After seeing the car in daylight the next day, the customer notices the scratch is part of a group of horizontal scratches and that there was clearly an incident with the car coming into contact with something.

Does this kind of incident need to be reported to the customer prior to sale?

What is the obligation of the dealership to fix all the scratches?

Are there other implications?

  • The first scratch, noticed the night before, is evidence of an "incident with the car coming into contact with something". What needs to be "reported" that the customer isn't already aware of? Did the dealer specifically instruct the body shop to fix one scratch, (and one scratch only) out of several that are clearly the result of the same incident? (Generally they will repair an area of damage, and that should be the expectation here...) Jul 17, 2022 at 16:56

1 Answer 1


A new car should be a new car, without any damage. But, if you did sign the contract after you saw the one scratch at night, the dealer may have needed to disclose in writing all of the damage (what you first saw and what you saw the next day) in writing before you signed.

From NC Department of Justice - Disclosing New Car Damage

• Dealers are required to disclose in writing any damage and repair that exceeds five percent of the manufacturer’s suggested retail price before you enter into a contract.

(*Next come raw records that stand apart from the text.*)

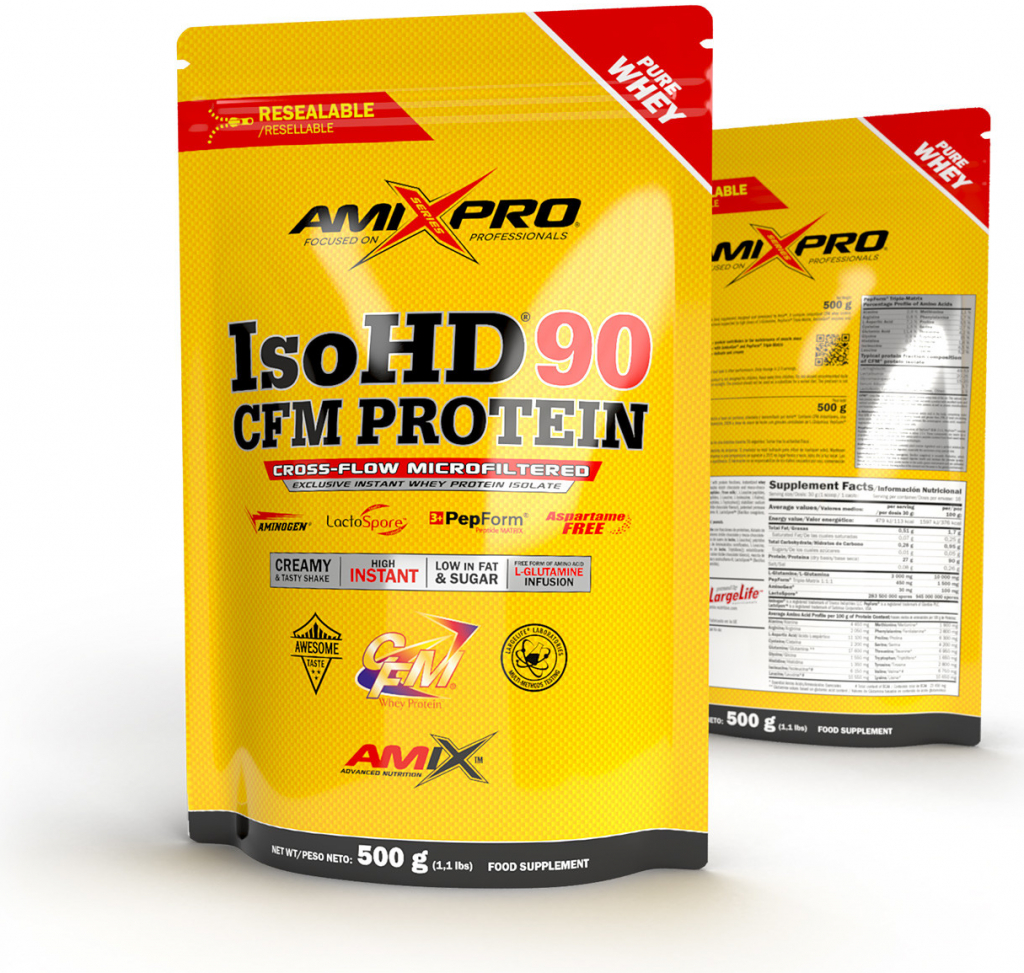 Amix Pro IsoHD 90 CFM protein 500 g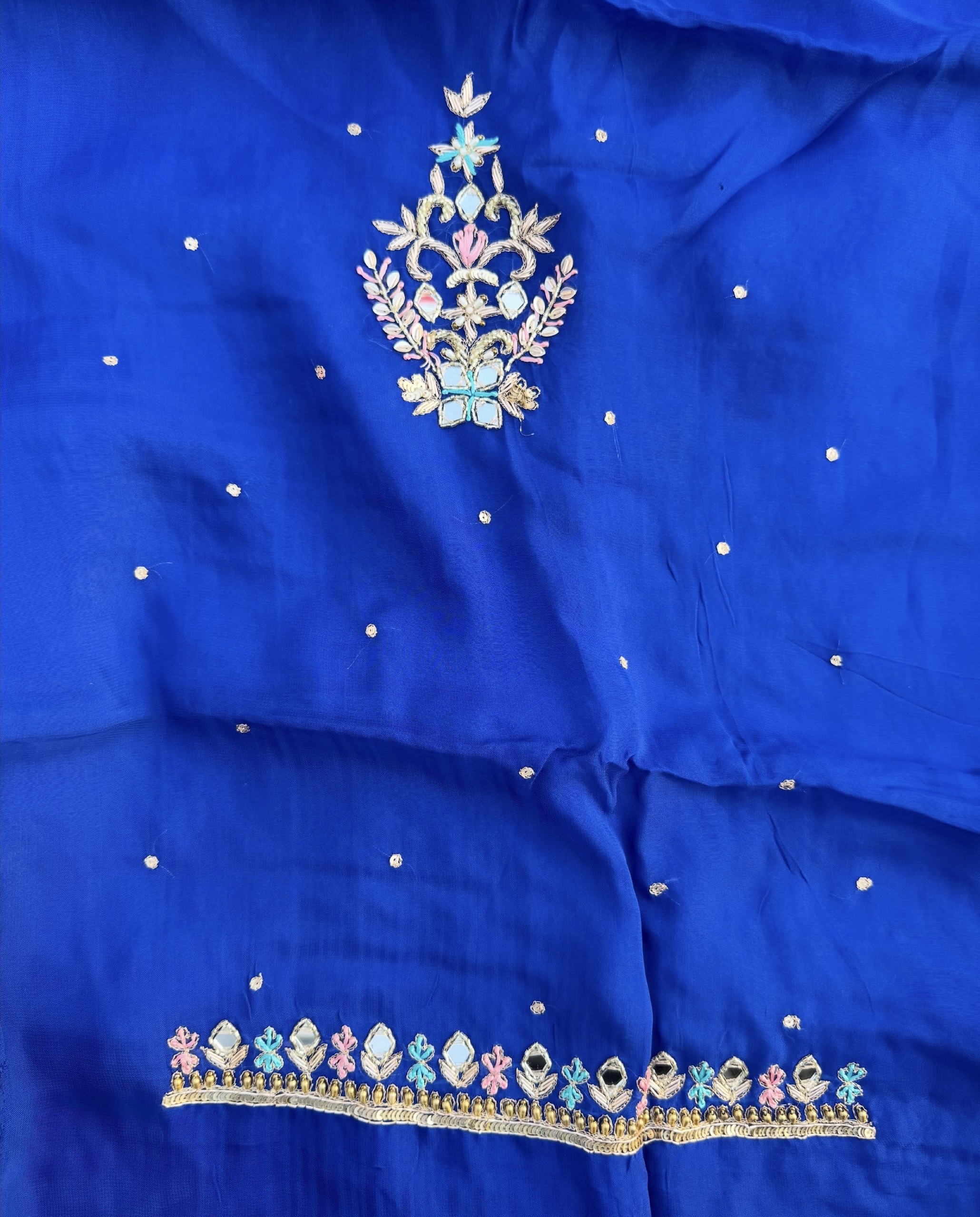 Royal blue viral suit 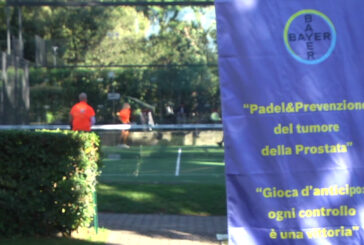Tumore prostata, con Bayer la prevenzione sul campo da padel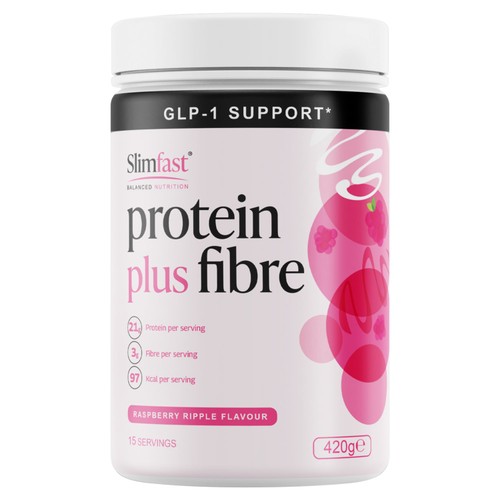 Slimfast Protein Shake Fibre Raspberry Ripple 420G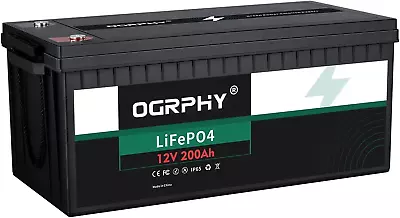 12V 200Ah Lifepo4 Battery 2560Wh Grade A Cells Deep Cycle Battery With BMS Up  • $578.47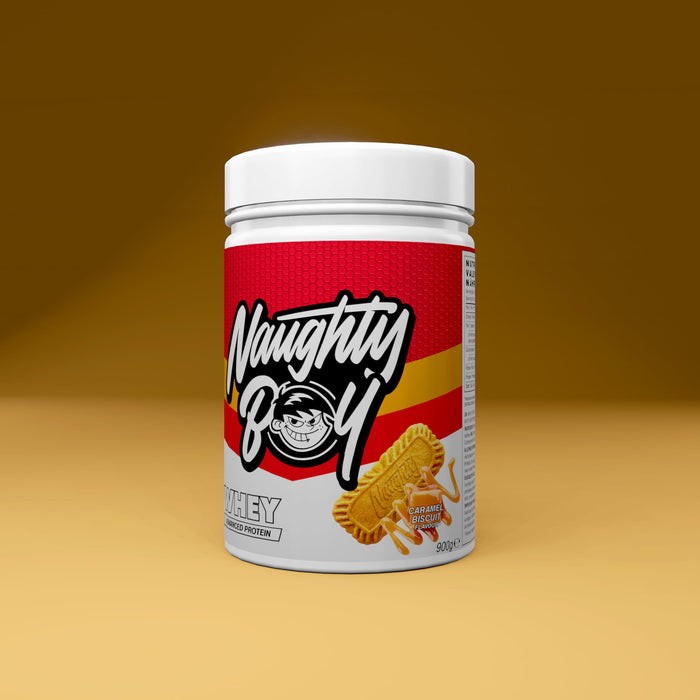 Naughty Boy Advanced Whey, Caramel Biscuit - 900g - Whey Proteins at MySupplementShop by Naughty Boy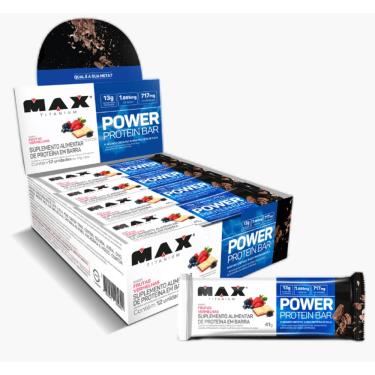 Imagem de Power Protein Bar (Caixa com 12 Unidades de 41g) - Max Titanium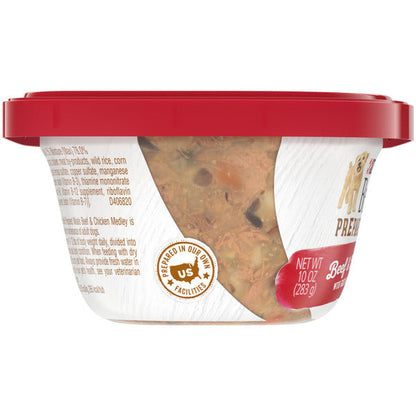 Purina Beneful High Protein, Wet Dog Food With Gravy, Prepared Meals Beef &amp; Chicken Medley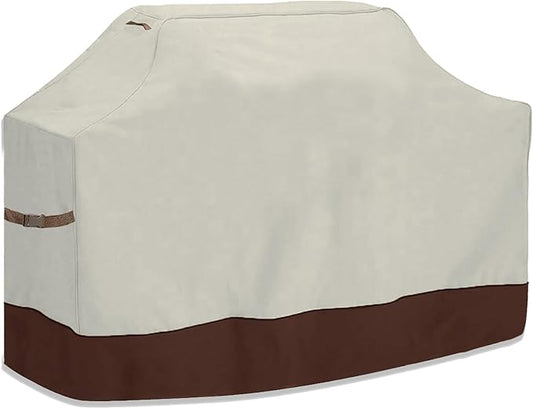 Grill Cover 58 inch, Waterproof BBQ Cover for Outdoor Gas Grill, Compatible with Weber Genesis II, LX 300 Series and Genesis 300 Series, Fade Resistant, Compared to 7130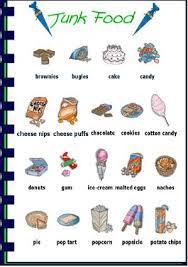 Your kidneys are powerful filtration systems that remove toxins from your blood to keep you healthy. Junk Food Picture Dictionary Junk Food Picture Dictionary Worksheets For Kids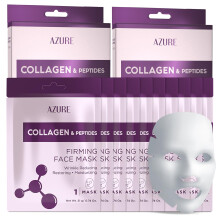 AZURE Collagen & Peptides Lifting Sheet Gesichtsmaske Wiederherstellende, glttende und feuchtigkeitsspendende Gesichtsmaske Hilft, feine Lin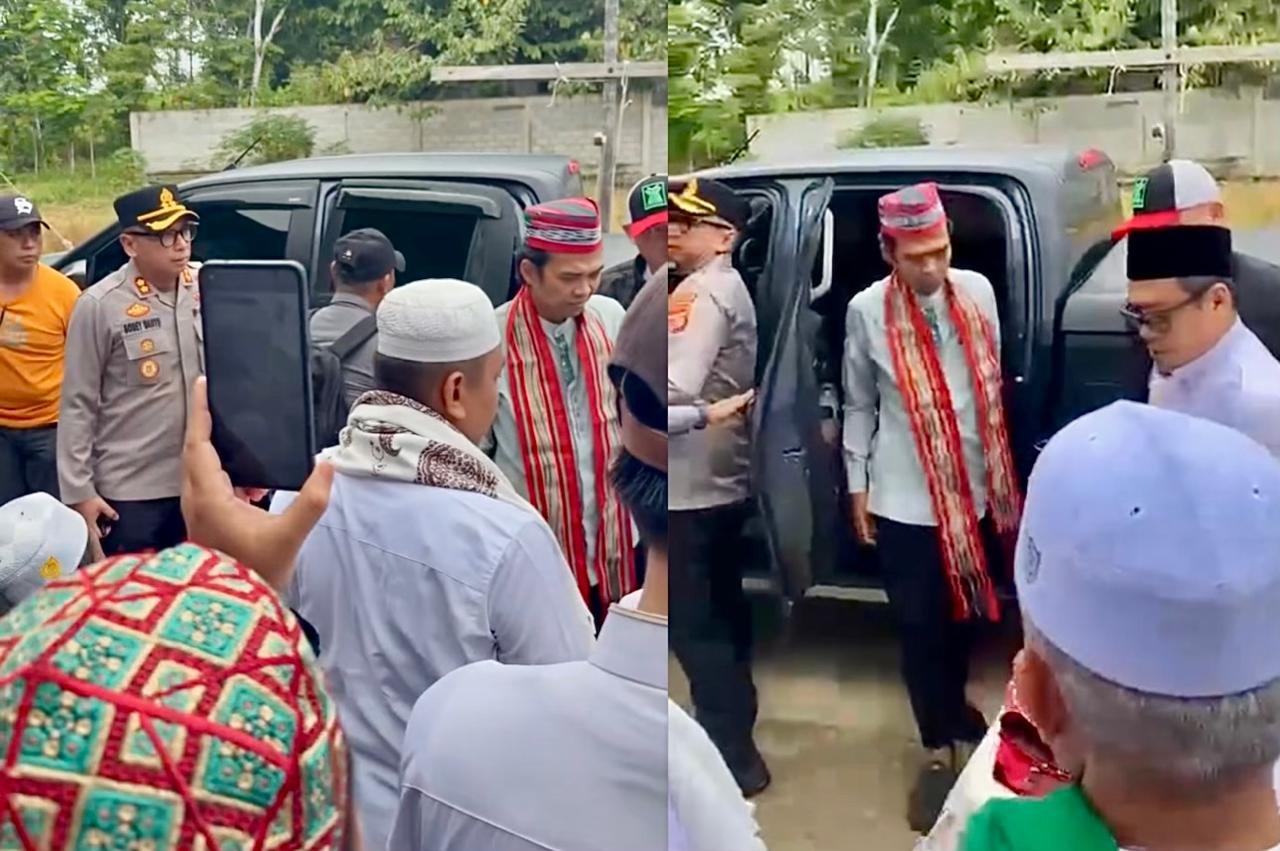 VIRAL Video Penghadangan Mobil Mewah di Bandara Melalan, Ternyata Bukan Diisi Ustaz Abdul Somad! Ini Fakta Sebenarnya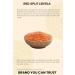 Red Split Lentils (900g) - Massor Dal | High Protein, Non-GMO, Vegan | Easy to Cook | Premium Quality in Reusable Zip Lock Bag - Buy Online on SooperMarket.com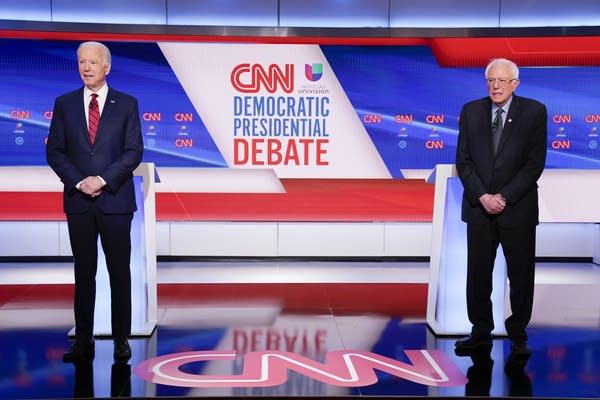 Analysis, fact check: Biden, Sanders go one-on-one as coronavirus upends the race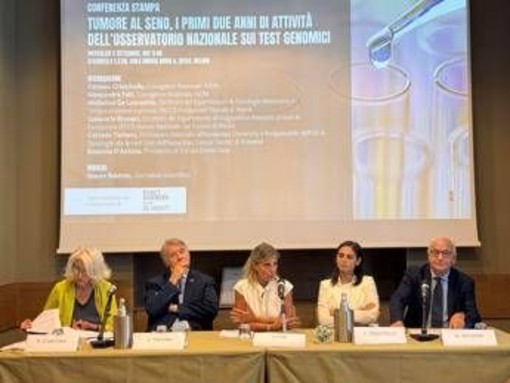 Tumore seno, D'Antona (Europa Donna): "Con test genomico terapia mirata" Tumore seno, D'Antona (Europa Donna): "Con test genomico terapia mirata"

• Dealers are not required to disclose any damage to glass, tires or bumpers if the damaged item has been replaced with original or comparable equipment.

• If a new car has been repaired for damages that do not exceed five percent of the manufacturer’s suggested retail price, then the dealer does not have to tell you about the damage unless you ask.

• If a new car has been damaged more than the five percent threshold, the North Carolina Automobile Dealer’s Association recommends that its dealers disclose it in writing on company letterhead. A copy of this disclosure should be submitted along with the title to the Division of Motor Vehicles.

So if you are now in possession of the car, tell the dealer you have checked with the NC DOJ and ask the dealer about the total cost of the damages and see what they say.

It's a good idea to take photos, and you may want to get a repair estimate from a body shop to calcuate yourself if the damage is over the 5% threshold.

If you suspect the car may not be new and may be used, that's serious, and the dealer will have had to fully disclose that in writing. You can talk to the DMV or use the VIN number to check CARFAX.

If you have problems with the dealer or suspect the car may not be new, you can contact the DOJ at the URL above or call them at 1-877-5-NO-SCAM.